*** Opening of Data for this task ***
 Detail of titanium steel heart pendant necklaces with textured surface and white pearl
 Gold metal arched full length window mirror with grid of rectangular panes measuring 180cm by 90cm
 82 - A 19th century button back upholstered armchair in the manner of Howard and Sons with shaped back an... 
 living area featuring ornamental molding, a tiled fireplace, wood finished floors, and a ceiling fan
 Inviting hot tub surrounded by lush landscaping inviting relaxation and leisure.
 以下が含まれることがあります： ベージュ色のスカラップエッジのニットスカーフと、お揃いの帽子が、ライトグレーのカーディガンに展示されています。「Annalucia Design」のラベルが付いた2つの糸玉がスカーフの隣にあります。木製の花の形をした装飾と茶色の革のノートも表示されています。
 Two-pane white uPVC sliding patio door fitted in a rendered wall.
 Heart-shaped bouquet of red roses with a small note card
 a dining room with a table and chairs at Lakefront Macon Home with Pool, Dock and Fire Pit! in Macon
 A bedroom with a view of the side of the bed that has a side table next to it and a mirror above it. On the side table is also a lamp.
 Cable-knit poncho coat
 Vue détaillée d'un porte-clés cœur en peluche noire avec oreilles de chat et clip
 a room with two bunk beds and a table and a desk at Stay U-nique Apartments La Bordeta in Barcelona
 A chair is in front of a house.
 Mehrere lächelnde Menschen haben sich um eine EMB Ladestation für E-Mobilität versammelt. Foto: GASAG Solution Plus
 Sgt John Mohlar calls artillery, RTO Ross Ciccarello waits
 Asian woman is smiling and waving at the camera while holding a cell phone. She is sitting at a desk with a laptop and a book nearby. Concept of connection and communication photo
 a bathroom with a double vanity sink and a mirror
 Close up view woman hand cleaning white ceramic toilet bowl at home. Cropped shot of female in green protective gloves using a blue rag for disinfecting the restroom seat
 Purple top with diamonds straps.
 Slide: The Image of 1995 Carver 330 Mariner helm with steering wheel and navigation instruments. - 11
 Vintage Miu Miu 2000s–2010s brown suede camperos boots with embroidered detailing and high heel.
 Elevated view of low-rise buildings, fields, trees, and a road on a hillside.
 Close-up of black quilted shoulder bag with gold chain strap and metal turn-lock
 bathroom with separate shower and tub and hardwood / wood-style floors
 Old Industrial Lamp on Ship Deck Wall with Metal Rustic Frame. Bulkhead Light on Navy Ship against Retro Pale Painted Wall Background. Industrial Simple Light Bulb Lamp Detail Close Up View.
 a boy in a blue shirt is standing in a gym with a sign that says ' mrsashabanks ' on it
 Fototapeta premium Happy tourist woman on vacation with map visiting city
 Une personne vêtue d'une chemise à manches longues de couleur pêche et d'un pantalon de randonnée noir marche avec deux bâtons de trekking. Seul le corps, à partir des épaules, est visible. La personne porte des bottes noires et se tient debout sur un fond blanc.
*** Close of Data for this task ***
**Task prompt**
Go through the data and gather every line that holds "avec".

**Written solution**
 Vue détaillée d'un porte-clés cœur en peluche noire avec oreilles de chat et clip
 Une personne vêtue d'une chemise à manches longues de couleur pêche et d'un pantalon de randonnée noir marche avec deux bâtons de trekking. Seul le corps, à partir des épaules, est visible. La personne porte des bottes noires et se tient debout sur un fond blanc.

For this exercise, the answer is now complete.